If City brokers have been revising their projections of late, your investments may not be as cheap — or expensive — as you think!

Today I’m looking at the earnings per share (EPS) forecasts for AstraZeneca (LSE: AZN) (NYSE: AZN.US), the global pharmaceutical company. All figures for the company are courtesy of S&P Capital IQ.

A bargain?

The consensus for 2013 is for a normalised EPS of 333p (519 US cents), which puts the 3,183p shares on a forward P/E of 9.6. To put that into some perspective, at its current level of 6,510 the FTSE 100 is trading on a P/E of around 16.
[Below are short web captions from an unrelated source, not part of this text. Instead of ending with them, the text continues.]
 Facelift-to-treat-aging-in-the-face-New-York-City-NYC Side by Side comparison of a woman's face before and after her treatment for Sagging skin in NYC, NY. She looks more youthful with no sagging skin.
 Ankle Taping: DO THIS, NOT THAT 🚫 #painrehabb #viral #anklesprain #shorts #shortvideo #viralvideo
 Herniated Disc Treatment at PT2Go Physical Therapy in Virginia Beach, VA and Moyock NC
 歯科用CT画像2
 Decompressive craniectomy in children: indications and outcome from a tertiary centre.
So, if you believe the company will start to deliver better earnings over the next few years, a P/E of 9.6 might suggest that AstraZeneca is a bargain that the market is missing.

Or declining prospects?

However, City analyst estimates suggest that earnings may fall to 318p (495 US cents) per share in 2014, falling further to 312p (486 US cents) for 2015, and sinking to just 274p (427 US cents) in 2017.

Such forecasts imply that the current P/E of almost 10 reflects the anticipated decline in earnings, rather than any fundamental underpricing of the company.
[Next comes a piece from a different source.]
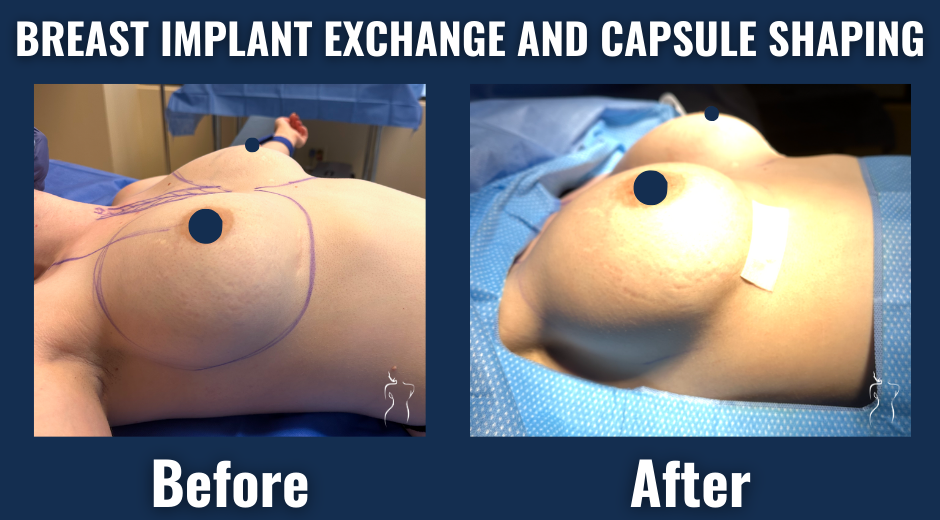 Before and after intraoperative photos of breast implant exchange with capsule shaping showing enhanced implant placement and breast contour.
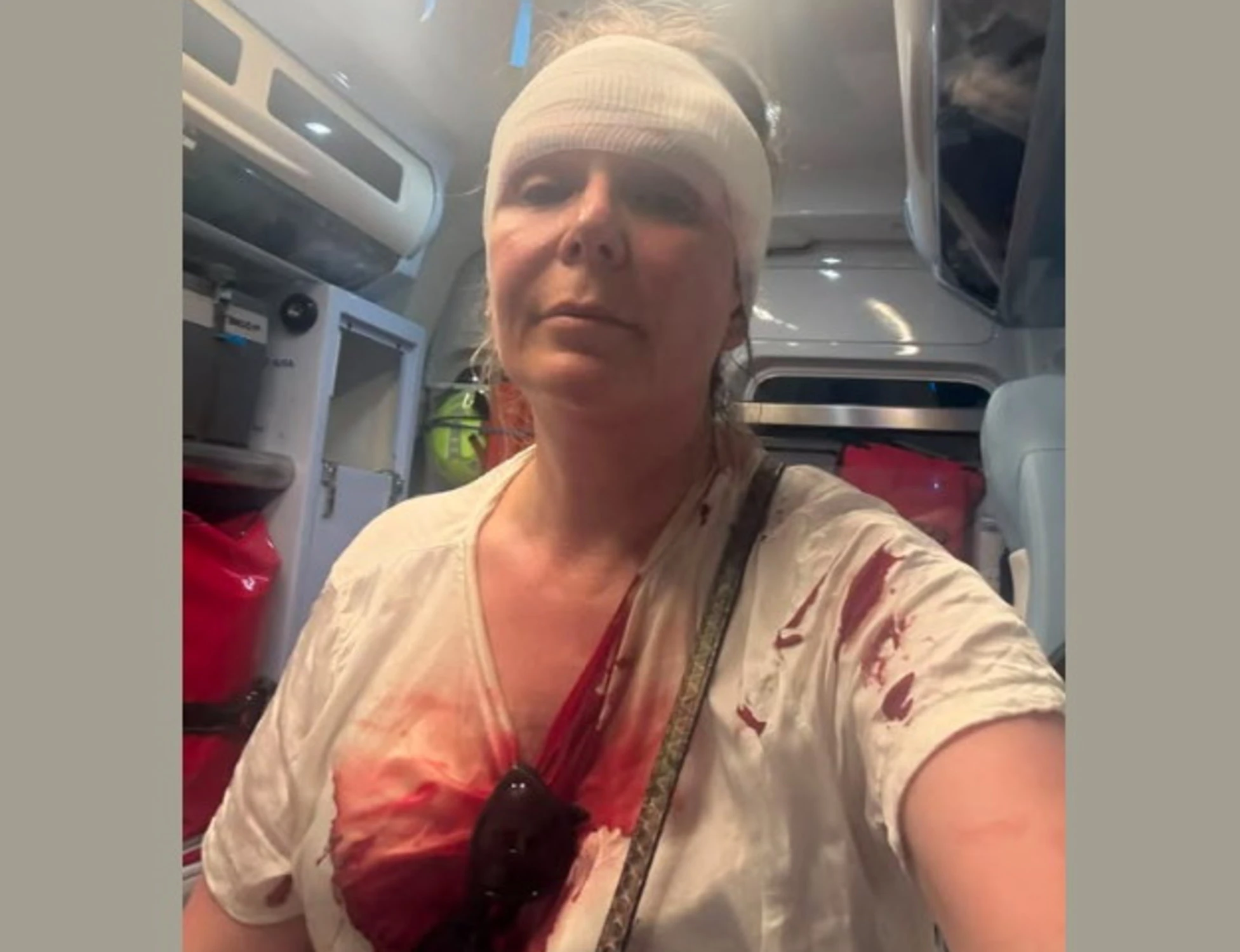 Portomaggiore, massacrata di botte da un marocchino: era a spasso col cane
The data from S&P Capital IQ also indicate total revenue at AstraZeneca will fall from 2012’s $28bn to only $22bn by 2017 and that EBITDA will decline sharply to just $7.6bn in 2017, which would be a drop of nearly 40% from last year’s £12.3bn.

All told, the forecasts seem pessimistic, with earnings set to fall significantly over the next few years, with that pessimism reflected by that 9.6 near-term P/E ratio.

What next?

Whether these projections make AstraZeneca a buy, a hold or a sell is, of course, up to you.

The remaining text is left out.